[Short text fragments from websites]
---*---
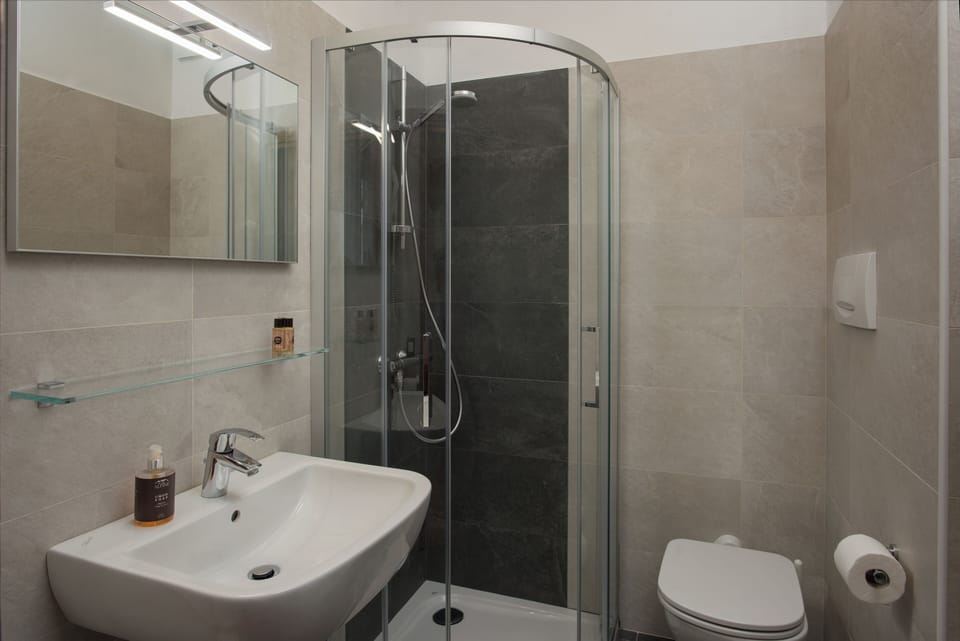 Bidet, towels
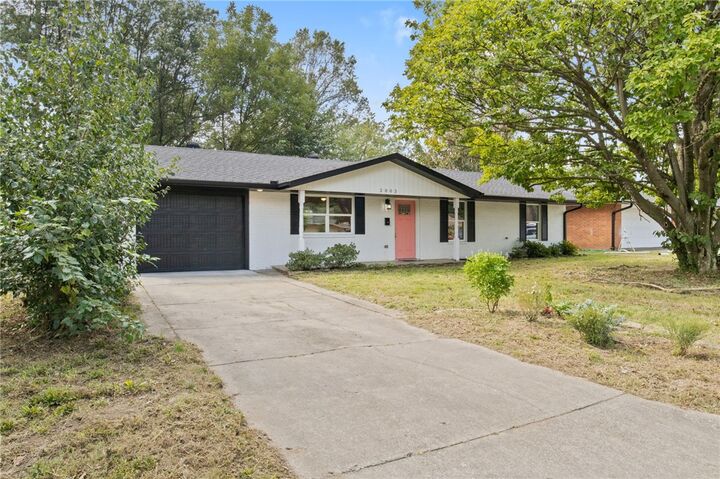 Property Photo: 2003 Dee Avenue AR 72762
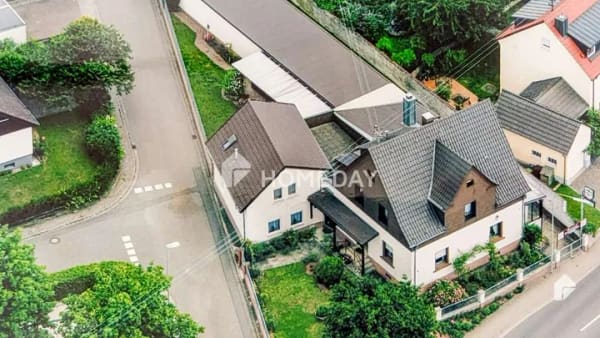 Immobilie in Rohrbach - Traumhaftes Einfamilienhaus mit Einliegerwohnung und großem Grundstück in idyllischer Lage - Bild 1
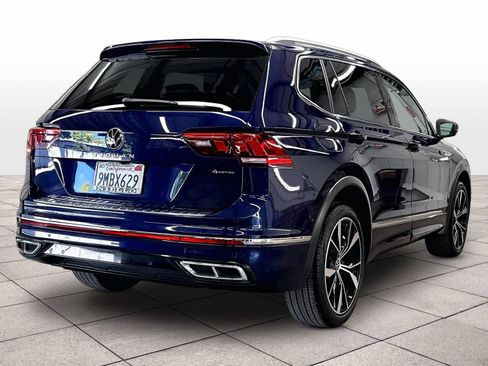 Used 2022 Volkswagen Tiguan SEL R-Line AWD/4WD image 9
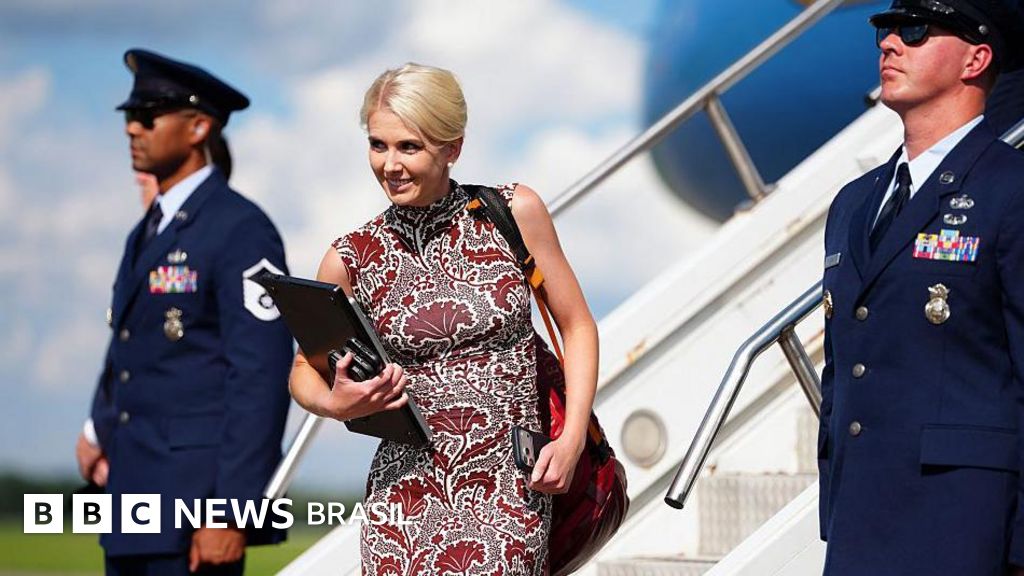 Quem é Natalie Harp, assessora que se tornou presença constante ao lado de Trump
---*---
## PROBLEM:
Print every line above exactly as given, but not the pictures.

## WRITTEN SOLUTION:
 Bidet, towels
 Property Photo: 2003 Dee Avenue AR 72762
 Immobilie in Rohrbach - Traumhaftes Einfamilienhaus mit Einliegerwohnung und großem Grundstück in idyllischer Lage - Bild 1
 Used 2022 Volkswagen Tiguan SEL R-Line AWD/4WD image 9
 Quem é Natalie Harp, assessora que se tornou presença constante ao lado de Trump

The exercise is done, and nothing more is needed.